Stormwater drainage, transportation targeted

PHOTO: ODT FILES
Photo: ODT files
Feedback from the community has made the Invercargill council revise its proposed rating policy to include two new targeted rates.

In a report to be tabled at today’s Invercargill City Council performance, policy and partnership committee meeting, strategy and policy manager Rhianon Suter outlined the rates targeted as being stormwater drainage and transportation services contributions.

The changes came after 15 submissions were received about the rating policy and 11 on the revenue and finance policy.

"The main concern raised by the submitters was an increase in rates as a result of the proposal to reduce the amount of targeted rates," Ms Suter’s report says.

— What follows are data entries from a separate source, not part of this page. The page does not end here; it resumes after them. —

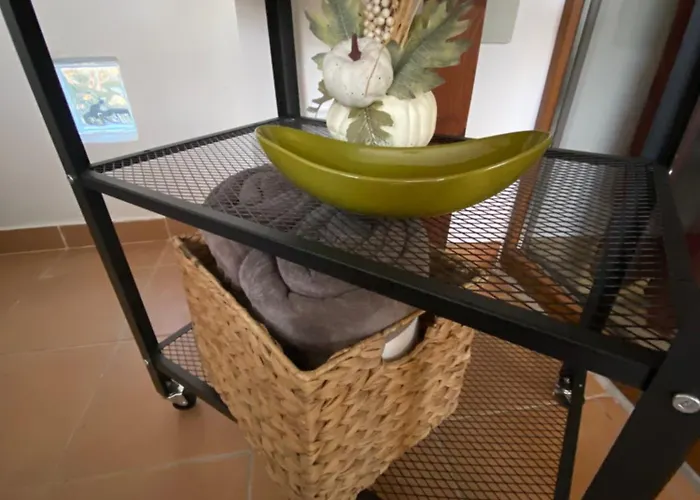 Flóra A Balatonnál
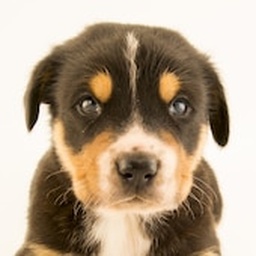 goodquestion-mmhookfourhundered icon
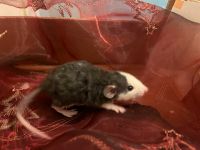 Ratten Jungtiere (Blau,Siam,Velveteen) 8 Wochen/ Auffangstelle Nordrhein-Westfalen - Hennef (Sieg) Vorschau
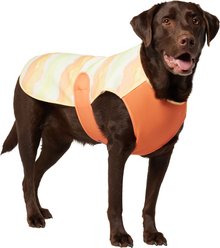 Frisco Hazy Sunrise UPF 45 Cooling Dog Vest, XX-Large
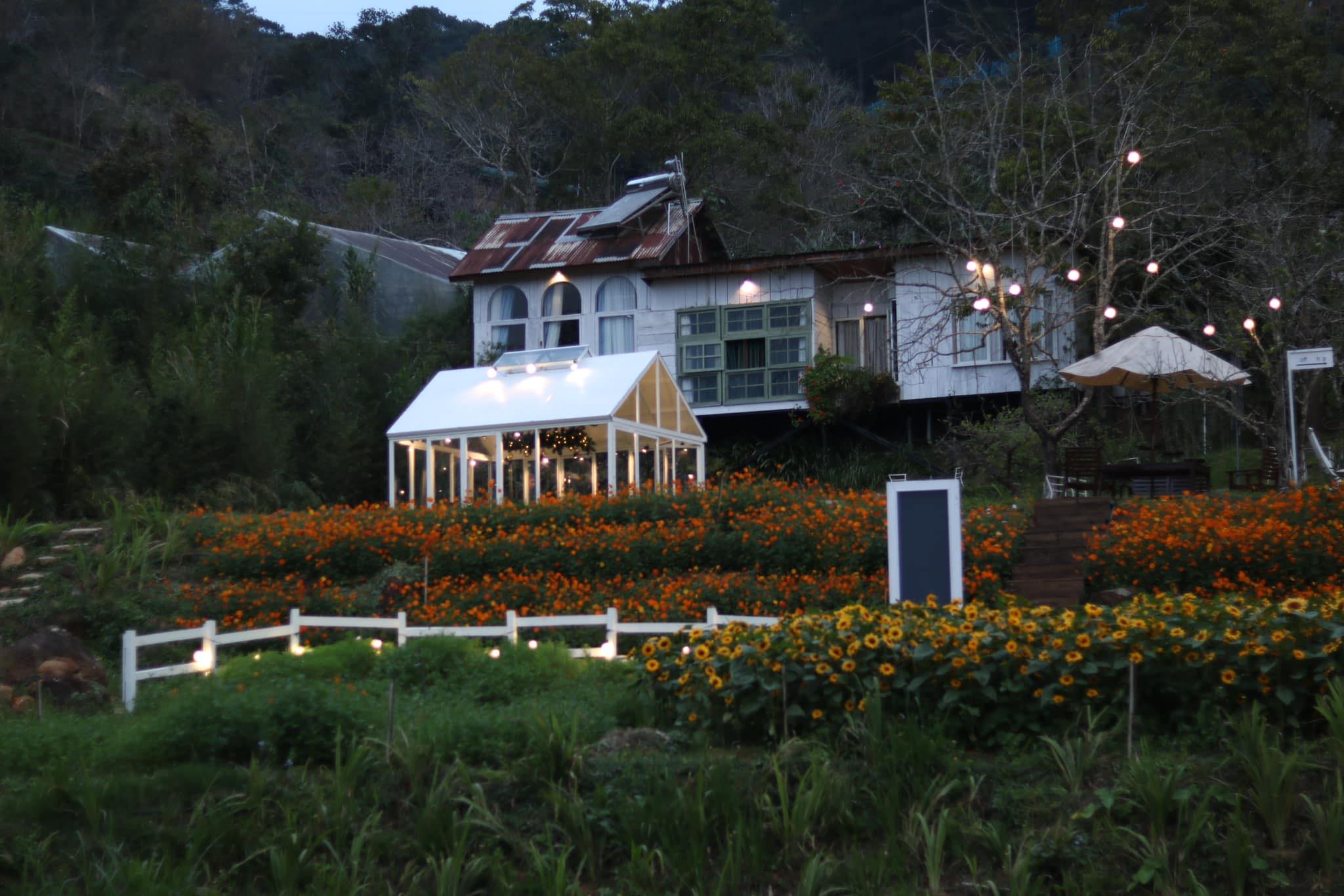 480644090 979386880953566 9061685439529728941 N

"There was a concern that this proposal has resulted in substantial rates increases for some properties."

Two submitters opposed the increase in rates for Kennington citing they would have to pay for services not received.

Submitter Craig Templer said it would be nice to have services such as street-lit footpaths.

"For Kenington ratepayers to be charged for services they do not receive is nothing short of theft."

Concern was raised by people who did not believe it was equitable to reduce the burden on lower value properties as everyone received the same services from council.

Southland Federated Farmers submission outlined its concern about the reduction of rates and the decrease in the Uniform Annual General Charge as they felt it produced an unfair increase in the rates for rural and farming properties.

Proposed changes would now mean those who received the two targeted services, would be rated at a higher proportion to the rest of the city.

Council will also today discuss the retained ownership of the Don St development.

Originally the council’s investment property was forecast to be sold during 2022-23, with a forecast value of $14.5million.

In Ms Suter’s financial and infrastructure strategy report to be tabled today, she said the property was now fully let and generating a surplus of $600,000 a year to council.

"Retaining the property would result in initial higher net debt balance due to reduced funds from the sale of $14.5million, however the surplus generated will reduce this amount over the time of the investment."